__Problem to work on__
Determine how many lines of the entries that follow contain "Stockfoto", and respond with that number alone.

:: Records for the exercise

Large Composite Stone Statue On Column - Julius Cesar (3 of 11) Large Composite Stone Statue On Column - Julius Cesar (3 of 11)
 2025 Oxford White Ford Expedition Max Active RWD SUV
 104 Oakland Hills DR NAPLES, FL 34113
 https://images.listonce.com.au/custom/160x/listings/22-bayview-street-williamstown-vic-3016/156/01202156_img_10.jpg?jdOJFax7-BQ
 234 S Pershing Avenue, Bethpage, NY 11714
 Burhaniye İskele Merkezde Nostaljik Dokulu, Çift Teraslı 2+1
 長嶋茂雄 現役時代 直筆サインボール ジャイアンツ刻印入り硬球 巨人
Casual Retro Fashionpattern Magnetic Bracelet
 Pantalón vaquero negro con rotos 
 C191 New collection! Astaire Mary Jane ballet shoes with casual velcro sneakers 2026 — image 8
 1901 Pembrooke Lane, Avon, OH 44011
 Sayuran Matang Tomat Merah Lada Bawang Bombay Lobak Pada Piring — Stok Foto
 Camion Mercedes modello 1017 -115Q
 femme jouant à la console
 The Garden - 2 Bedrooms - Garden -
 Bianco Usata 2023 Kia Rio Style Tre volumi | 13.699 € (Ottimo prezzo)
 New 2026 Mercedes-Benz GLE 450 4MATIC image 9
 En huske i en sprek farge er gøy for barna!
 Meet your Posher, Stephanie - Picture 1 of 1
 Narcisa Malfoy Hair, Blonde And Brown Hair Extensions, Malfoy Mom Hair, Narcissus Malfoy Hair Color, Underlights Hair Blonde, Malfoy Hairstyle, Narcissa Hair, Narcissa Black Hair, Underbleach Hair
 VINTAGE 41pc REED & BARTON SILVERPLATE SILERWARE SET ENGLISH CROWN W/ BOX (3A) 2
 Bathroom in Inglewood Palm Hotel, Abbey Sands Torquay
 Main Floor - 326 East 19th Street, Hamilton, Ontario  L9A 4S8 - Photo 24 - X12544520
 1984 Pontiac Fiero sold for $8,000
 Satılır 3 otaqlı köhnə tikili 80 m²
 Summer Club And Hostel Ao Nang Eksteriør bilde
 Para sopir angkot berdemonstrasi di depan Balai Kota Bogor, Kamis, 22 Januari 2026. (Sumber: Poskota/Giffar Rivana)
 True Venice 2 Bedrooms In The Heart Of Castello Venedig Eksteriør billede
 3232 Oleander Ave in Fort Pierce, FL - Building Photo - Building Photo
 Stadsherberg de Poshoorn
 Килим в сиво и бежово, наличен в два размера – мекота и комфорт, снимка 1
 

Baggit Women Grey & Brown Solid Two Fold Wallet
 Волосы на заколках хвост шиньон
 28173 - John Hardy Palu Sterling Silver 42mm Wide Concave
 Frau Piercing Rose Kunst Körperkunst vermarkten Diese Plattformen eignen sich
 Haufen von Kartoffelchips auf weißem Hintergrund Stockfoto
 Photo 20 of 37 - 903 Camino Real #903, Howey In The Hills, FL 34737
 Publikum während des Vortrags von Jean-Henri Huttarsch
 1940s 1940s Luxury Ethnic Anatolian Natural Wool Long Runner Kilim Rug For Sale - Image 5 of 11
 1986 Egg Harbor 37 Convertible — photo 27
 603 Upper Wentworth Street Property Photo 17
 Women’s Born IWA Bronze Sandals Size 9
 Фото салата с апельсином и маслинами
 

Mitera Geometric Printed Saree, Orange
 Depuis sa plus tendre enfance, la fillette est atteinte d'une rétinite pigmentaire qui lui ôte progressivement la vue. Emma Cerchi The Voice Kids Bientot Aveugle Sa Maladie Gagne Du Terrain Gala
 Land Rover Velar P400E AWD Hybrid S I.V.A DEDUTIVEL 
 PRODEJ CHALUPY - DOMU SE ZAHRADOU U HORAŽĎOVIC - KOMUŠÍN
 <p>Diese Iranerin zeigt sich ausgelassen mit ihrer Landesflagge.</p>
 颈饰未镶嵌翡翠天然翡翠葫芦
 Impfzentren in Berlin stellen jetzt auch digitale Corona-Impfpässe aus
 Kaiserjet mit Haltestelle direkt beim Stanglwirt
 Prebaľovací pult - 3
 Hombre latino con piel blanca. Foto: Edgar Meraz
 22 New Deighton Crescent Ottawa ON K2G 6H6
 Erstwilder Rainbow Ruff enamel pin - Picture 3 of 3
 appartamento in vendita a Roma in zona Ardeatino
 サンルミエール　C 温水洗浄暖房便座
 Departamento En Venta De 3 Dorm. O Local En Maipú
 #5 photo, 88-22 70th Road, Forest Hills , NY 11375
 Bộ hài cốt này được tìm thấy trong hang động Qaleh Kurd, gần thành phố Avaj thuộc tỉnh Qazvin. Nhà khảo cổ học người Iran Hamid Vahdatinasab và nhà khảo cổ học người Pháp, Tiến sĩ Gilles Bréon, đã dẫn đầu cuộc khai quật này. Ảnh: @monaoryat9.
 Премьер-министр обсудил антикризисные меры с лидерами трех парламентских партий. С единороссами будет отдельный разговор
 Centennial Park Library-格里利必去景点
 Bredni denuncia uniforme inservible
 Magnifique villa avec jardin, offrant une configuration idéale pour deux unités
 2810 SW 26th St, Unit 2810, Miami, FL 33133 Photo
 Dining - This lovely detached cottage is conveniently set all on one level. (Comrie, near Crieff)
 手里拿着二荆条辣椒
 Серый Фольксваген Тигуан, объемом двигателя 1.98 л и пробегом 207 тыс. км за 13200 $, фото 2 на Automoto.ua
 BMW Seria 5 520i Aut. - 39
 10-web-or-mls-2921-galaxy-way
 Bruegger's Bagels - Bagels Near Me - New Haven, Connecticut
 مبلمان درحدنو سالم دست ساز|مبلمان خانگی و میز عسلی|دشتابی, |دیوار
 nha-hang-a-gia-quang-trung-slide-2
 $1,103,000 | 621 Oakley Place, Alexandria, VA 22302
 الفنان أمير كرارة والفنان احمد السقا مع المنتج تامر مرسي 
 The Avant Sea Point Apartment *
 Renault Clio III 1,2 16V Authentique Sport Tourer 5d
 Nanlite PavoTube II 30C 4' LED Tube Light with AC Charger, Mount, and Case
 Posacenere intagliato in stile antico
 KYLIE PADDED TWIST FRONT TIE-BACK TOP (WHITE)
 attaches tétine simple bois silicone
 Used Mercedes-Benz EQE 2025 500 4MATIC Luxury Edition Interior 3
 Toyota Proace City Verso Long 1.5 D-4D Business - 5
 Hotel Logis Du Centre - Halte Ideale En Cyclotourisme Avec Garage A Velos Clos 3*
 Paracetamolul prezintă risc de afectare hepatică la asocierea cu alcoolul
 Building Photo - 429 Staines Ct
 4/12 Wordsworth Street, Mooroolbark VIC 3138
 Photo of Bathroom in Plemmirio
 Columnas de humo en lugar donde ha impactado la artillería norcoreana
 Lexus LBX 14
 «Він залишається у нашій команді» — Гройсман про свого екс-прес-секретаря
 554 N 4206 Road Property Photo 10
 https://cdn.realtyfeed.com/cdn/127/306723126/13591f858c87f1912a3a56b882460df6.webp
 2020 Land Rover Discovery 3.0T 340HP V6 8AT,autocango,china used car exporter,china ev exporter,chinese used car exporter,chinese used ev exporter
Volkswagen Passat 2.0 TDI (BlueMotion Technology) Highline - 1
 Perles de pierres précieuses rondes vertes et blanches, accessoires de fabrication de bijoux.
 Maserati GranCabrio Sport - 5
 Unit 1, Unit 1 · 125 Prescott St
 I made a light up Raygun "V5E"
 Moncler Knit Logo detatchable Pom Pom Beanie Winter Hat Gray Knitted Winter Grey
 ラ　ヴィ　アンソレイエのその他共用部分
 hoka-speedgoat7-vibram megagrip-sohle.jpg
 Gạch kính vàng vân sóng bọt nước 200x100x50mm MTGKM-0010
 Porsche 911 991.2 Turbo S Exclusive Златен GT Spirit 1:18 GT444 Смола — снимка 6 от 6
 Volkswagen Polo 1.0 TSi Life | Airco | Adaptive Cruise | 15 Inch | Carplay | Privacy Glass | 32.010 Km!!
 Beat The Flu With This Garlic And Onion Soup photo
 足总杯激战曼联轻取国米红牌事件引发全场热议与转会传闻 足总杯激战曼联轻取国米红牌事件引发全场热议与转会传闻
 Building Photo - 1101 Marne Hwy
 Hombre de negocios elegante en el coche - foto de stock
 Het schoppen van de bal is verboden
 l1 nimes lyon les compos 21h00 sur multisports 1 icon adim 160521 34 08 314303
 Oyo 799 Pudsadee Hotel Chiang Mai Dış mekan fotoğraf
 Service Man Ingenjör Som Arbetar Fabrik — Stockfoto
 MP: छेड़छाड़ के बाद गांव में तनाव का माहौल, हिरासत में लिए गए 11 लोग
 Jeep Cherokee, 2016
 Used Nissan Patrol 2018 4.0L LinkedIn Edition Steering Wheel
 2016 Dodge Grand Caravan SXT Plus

::::

__Your solution__
2